Chick v. State

MORRISON, Presiding Judge.

The offense is robbery; the punishment, life. The indictment charged that the appellant, acting with others and by placing one Searcy in fear, did take a certain automobile from Searcy.

Worden McAdams of the Ramsey State Farm, a unit of the Texas Prison System, testified that the appellant was an inmate of such system and under his supervision on the night in question and that, along with three other inmates, effected his escape in a prison system pickup truck and that the truck was later recovered near the city of Angleton.

Night Warden Stewart corroborated the testimony of McAdams.

A. C. Searcy testified that he had just returned from a drive *451with Mrs. Sproles Carr to her home near the city of Angleton on the night in question; that as he sat in his automobile a pickup truck stopped, and four men, one of whom was the appellant, ran up to his automobile; that two of them exhibited knives and two exhibited what appeared to be guns, forced Mrs. Sproles and her daughter in the automobile and commandeered the same. Stewart stated that because of fear for his life he accompanied the men to the airport and then to various other places in the area and that he last saw the appellant about midnight.

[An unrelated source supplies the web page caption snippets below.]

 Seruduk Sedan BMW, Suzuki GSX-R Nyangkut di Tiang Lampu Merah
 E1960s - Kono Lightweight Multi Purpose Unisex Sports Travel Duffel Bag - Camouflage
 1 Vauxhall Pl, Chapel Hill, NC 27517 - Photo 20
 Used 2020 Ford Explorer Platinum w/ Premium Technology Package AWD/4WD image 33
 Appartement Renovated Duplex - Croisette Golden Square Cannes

Mrs. Leila Sproles Carr corroborated Searcy’s testimony and told of being held prisoner by the quartet for several hours while they broke into a hangar in their efforts to steal an airplane and later burglarized a hardware store, from which they stole a number of guns.

The appellant was recaptured sometime later in the state of Illinois.

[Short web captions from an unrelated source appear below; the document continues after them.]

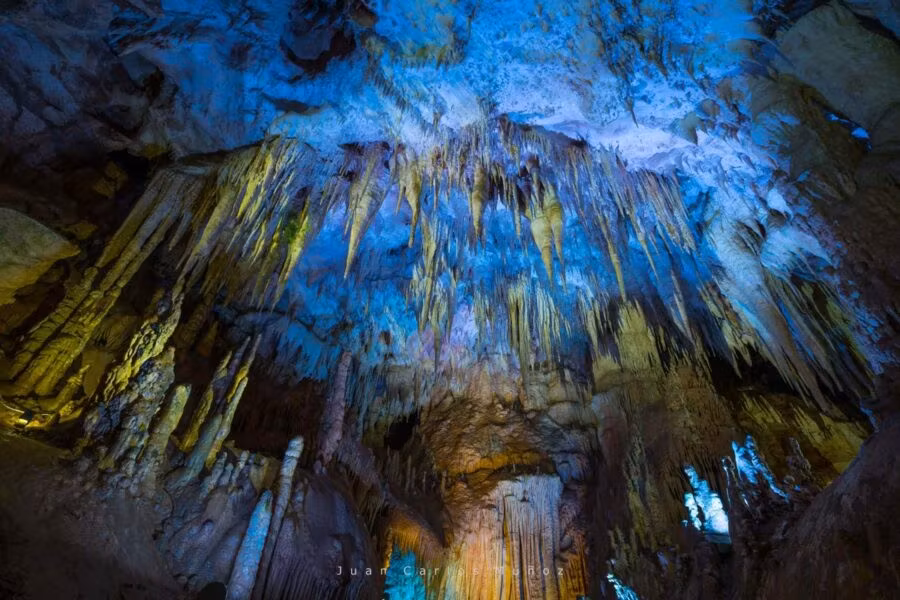 que ver en georgia cueva de prometeo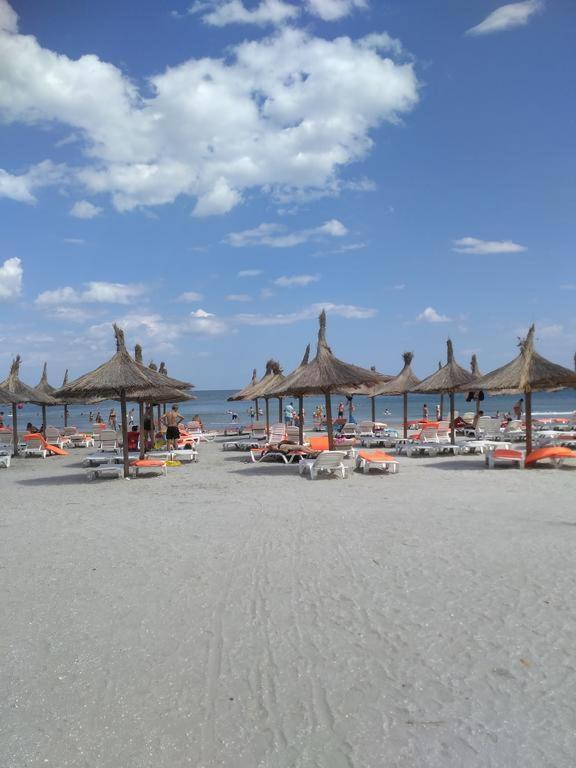 E&E Mamaia Nord Apartman Năvodari Kültér fotó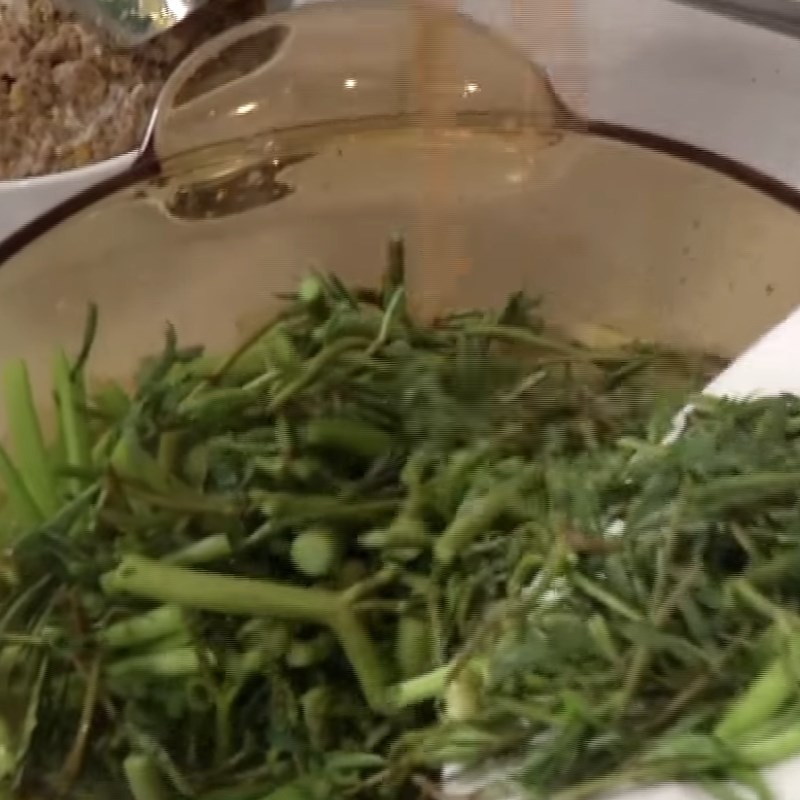 Sườn non đã được chần sơ, sẵn sàng để hầm nước dùng bún riêu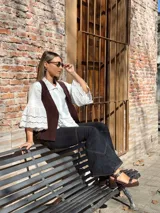 Sandalias de cuero color chocolate, con plataforma y hebilla.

The appellant did not testify in his own behalf but endeavored by certain witnesses to raise an issue as to his identity.

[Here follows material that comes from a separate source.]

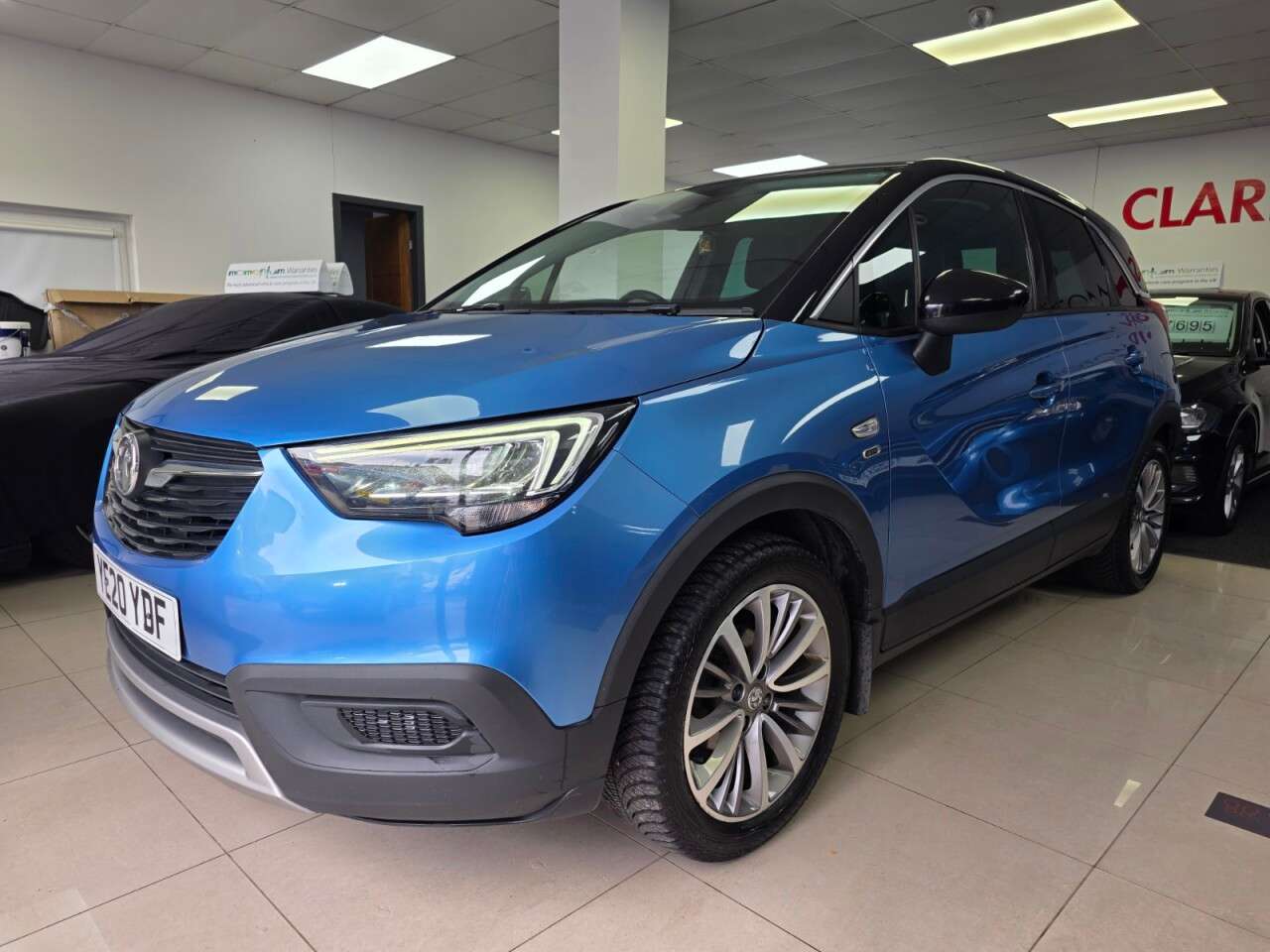 A 2020 VAUXHALL CROSSLAND X 1.2 Griffin SUV 5dr Petrol Manual Euro 6 (s/s)+SERVICE HISTORY+NEW CLUCH KI A 2020 VAUXHALL CROSSLAND X 1.2 Griffin SUV 5dr Petrol Manual Euro 6 (s/s)+SERVICE HISTORY+NEW CLUCH KI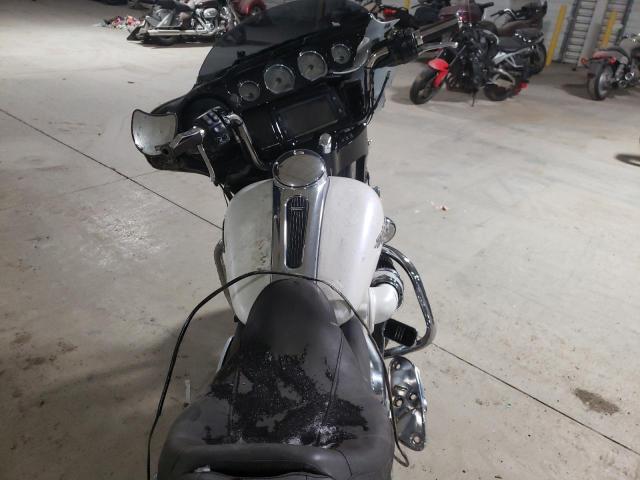 2015 HARLEY-DAVIDSON FLHXS STRE - 1HD1KRM10FB657205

We find the evidence sufficient to support the conviction.

No formal bills of exception appear in the record, and there are no informal bills which may be considered under our holdings in Greenwood v. State, 157 Texas Cr. Rep. 58, 246 S.W. 2d 191, and Martinez v. State, 157 Texas Cr. Rep. 91, 246 S.W. 2d 633.

Prior to the submission of this case on appeal in this court, we received a demand from the appellant that he be allowed to appear personally before this court in order to argue his case. In answer to such demand, we issued the following order:

“Appellant is an inmate of the penitentiary.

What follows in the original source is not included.